Posted by Rob Richie, 2007-02-01 11:43:42 (6 years ago) -
What's socially useful in one decision-making situation might not be socially useful in another. There are good places to use range voting, and there are good places to use instant runoff. This was an intriguing use of RV, for example.
Posted by Jack, 2007-02-01 11:22:03 (6 years ago) -
Of course it's your subjective opinion that "social utility efficiency is the ultimate voting system criterion." I prefer the majority rule criterion. Range Voting allows a candidate opposed by 99% of voters to win. That's what you really mean when you say it's good for 3rd parties, and that IRV does violence to them.

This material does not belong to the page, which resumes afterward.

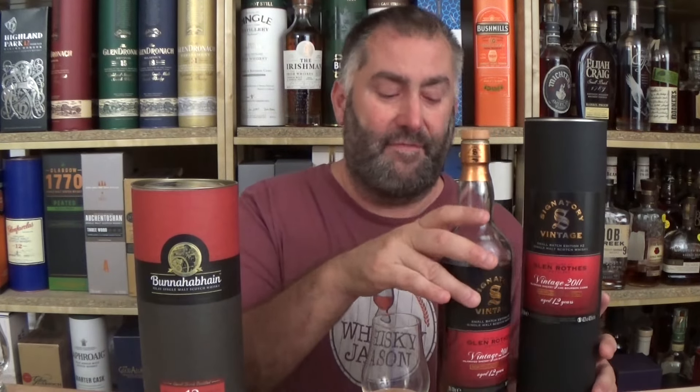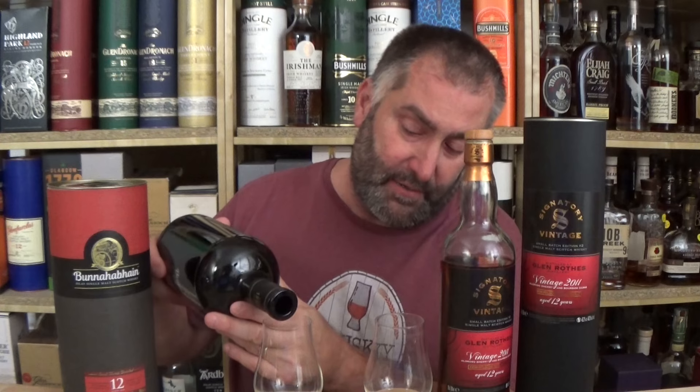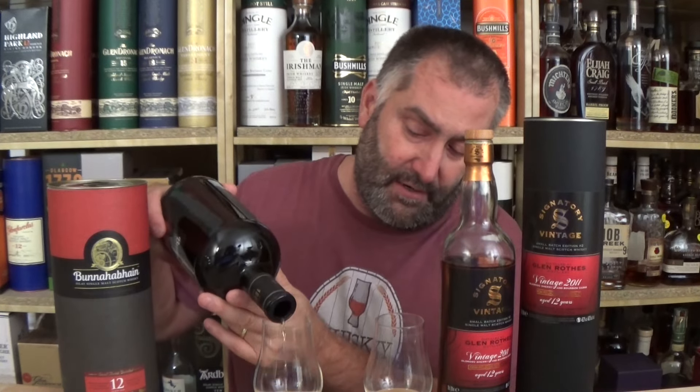At $59.90, what am I going to compare it to? I'm going to compare it to Buna 12. The colors have some similarity — this one looks older, this looks newer, but the colors are very close. Buna 12 is also sherry and bourbon, 46.3% ABV, 12 years of age. Here in Germany I can get that for under 50 euros — at least 10 euros less. So let's pour a little bit and get this in the glass.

Posted by Boggled by CRV, 2007-02-01 11:10:43 (6 years ago) -
Social utility efficiency is the ultimate voting system criterion. It is the aggregate of all other criteria. It is, literally, voters' expected satisfaction. Since the whole point of a choice is to derive as much net satisfaction as possible, and an election is just a group choice, the "best" voting method is the one causes the most satisfaction for the most people. In fact, any good economist, once properly educated about utility efficiency, would definitely want to use Range Voting over any other method, whether in a public election, or to choose which catering company his office would use for an employee banquet. If you don't agree, and you insist that this is just my "subjective opinion", I challenge you to name any sensible alternative definition of "best winner".
Posted by Clay Shentrup, 2007-01-31 12:25:05 (6 years ago) -
What amazes me is how the factions cite "voting systems criteria" as though they're gospel. There is no perfect voting system. The one you choose depends on the criteria you favor. Thus I laugh when people like Shentrup start throwing around the words "better" and "worse winner."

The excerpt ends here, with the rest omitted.